↓↓↓

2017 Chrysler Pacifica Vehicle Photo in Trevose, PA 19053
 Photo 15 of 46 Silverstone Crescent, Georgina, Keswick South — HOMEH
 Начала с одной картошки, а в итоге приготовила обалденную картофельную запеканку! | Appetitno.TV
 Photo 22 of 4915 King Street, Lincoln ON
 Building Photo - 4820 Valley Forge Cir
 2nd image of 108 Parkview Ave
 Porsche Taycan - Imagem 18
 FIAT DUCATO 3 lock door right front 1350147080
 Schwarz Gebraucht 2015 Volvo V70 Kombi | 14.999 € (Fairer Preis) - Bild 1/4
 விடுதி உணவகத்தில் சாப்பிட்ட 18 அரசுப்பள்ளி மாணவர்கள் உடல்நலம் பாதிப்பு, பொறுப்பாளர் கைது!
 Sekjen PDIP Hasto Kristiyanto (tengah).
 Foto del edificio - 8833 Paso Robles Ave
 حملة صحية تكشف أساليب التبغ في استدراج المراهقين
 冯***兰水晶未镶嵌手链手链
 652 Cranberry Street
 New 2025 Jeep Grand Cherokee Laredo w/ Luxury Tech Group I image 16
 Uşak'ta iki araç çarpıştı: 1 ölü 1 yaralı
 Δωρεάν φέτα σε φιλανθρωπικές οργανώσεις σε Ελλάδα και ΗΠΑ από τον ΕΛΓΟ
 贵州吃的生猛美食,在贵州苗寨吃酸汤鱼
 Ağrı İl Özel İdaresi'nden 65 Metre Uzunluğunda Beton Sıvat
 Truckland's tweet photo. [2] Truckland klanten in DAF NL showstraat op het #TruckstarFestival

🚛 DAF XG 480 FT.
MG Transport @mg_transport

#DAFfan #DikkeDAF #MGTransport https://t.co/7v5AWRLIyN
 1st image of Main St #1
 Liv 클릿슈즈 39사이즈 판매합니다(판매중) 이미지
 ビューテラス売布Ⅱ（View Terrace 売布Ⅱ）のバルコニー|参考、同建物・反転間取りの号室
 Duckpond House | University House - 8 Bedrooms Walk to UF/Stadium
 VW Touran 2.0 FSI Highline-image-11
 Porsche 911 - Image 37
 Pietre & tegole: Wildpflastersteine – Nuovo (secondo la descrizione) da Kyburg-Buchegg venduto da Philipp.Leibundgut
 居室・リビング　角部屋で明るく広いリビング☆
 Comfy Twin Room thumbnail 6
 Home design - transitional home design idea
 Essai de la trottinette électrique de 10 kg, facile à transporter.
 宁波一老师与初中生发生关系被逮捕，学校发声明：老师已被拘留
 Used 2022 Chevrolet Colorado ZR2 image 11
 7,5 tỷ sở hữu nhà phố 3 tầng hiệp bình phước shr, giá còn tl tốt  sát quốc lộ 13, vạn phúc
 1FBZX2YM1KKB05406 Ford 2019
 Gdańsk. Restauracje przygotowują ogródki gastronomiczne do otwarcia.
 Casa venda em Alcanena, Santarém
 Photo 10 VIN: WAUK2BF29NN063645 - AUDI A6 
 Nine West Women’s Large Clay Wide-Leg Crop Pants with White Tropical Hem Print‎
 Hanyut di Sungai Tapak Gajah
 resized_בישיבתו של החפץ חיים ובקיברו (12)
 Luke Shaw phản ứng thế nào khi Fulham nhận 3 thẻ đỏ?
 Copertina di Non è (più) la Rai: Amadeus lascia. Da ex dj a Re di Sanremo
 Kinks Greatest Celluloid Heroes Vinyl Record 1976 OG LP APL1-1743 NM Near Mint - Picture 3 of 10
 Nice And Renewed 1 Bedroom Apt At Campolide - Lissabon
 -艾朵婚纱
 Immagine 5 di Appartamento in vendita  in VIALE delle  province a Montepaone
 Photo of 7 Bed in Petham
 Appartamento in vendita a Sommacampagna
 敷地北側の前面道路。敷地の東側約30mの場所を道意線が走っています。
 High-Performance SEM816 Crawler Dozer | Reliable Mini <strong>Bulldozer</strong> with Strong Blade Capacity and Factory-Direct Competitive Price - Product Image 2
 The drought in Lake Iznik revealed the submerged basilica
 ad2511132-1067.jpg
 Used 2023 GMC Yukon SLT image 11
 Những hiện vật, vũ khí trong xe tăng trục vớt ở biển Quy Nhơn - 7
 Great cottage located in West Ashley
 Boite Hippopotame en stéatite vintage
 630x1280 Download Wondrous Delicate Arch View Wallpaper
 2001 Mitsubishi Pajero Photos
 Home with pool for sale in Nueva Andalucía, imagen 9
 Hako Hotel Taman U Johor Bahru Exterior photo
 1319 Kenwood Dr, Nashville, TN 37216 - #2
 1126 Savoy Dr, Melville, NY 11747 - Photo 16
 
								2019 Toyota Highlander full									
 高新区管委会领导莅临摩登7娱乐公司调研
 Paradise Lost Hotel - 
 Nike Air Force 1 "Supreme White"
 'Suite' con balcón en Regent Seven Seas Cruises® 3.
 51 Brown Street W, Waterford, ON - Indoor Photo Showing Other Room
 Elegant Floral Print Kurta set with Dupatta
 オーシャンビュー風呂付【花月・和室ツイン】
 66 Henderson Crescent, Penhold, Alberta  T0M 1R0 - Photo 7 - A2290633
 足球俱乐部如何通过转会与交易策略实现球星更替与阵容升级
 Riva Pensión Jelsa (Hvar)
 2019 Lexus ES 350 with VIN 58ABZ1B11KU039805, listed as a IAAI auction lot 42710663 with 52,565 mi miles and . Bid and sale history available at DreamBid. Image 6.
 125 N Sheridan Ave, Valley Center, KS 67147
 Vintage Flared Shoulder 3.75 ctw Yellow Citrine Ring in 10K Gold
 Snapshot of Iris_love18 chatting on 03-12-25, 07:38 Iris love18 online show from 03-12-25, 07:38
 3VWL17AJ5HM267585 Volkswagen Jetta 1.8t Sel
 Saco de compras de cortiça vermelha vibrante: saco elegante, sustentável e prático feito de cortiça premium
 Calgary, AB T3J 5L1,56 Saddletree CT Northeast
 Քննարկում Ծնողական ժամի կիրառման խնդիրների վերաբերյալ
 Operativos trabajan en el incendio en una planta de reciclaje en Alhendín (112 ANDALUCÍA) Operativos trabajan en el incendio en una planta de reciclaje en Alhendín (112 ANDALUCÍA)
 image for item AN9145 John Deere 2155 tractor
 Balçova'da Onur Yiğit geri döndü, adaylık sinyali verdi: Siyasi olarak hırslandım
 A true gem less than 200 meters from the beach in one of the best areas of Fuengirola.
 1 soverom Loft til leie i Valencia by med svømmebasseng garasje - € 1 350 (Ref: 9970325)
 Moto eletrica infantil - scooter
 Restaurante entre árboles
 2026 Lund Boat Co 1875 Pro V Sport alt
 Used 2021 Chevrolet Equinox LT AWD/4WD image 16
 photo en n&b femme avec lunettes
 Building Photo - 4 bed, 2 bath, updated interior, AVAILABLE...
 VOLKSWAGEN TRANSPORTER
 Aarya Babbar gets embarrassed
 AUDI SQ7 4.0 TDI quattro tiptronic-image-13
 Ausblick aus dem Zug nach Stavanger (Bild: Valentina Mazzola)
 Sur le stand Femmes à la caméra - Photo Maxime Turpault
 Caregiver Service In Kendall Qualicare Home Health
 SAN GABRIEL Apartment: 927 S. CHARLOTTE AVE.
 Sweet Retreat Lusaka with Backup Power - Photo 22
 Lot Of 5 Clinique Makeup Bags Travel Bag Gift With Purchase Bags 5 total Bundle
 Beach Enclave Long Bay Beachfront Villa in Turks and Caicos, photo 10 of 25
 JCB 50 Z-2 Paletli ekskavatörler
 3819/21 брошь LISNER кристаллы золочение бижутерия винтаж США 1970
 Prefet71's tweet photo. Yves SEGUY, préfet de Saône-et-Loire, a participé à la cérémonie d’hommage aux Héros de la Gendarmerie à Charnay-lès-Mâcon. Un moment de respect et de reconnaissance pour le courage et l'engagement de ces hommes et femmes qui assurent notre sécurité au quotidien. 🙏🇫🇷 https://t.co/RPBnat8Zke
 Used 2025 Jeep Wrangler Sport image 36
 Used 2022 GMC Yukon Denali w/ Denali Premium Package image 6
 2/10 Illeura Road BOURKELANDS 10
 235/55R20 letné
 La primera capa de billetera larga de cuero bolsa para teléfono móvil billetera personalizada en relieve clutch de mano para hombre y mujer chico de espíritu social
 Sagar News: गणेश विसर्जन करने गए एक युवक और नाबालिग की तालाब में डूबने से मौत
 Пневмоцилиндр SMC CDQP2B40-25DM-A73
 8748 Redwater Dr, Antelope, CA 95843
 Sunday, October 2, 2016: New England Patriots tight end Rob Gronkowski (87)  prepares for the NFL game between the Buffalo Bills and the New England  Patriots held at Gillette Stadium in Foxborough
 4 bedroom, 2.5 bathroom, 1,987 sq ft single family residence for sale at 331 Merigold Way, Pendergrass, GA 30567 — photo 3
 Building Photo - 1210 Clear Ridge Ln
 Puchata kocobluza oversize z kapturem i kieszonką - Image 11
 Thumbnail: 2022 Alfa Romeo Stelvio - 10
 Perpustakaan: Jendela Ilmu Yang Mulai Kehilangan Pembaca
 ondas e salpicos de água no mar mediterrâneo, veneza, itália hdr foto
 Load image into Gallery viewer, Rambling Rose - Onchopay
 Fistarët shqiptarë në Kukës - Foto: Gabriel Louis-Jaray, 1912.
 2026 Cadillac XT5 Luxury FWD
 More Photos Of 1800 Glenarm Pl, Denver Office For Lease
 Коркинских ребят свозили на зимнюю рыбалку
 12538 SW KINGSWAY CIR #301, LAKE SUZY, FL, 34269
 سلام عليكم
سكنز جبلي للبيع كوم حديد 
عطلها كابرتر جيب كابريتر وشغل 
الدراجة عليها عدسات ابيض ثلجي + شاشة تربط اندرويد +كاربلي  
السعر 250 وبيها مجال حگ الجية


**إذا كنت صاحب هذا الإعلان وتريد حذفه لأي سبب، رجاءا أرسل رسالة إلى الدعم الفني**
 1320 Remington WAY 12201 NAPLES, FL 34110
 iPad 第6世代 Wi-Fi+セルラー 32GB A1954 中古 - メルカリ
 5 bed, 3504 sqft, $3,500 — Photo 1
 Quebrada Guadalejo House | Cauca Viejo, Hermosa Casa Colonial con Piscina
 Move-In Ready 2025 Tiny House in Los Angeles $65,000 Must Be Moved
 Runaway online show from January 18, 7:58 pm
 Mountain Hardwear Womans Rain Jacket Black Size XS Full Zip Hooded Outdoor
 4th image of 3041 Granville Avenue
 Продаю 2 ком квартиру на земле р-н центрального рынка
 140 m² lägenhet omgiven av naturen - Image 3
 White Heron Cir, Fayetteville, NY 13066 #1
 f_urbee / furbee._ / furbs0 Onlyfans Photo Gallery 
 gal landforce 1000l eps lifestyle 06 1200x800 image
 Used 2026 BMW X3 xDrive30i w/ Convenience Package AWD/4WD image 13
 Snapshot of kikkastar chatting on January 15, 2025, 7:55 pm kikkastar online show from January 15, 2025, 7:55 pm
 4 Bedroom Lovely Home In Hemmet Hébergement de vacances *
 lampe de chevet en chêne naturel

↑↑↑

__WORK TO BE COMPLETED__
Scan the data above for the word "Crescent". Copy every line in which it is found.

__TASK RESPONSE__
 Photo 15 of 46 Silverstone Crescent, Georgina, Keswick South — HOMEH
 66 Henderson Crescent, Penhold, Alberta  T0M 1R0 - Photo 7 - A2290633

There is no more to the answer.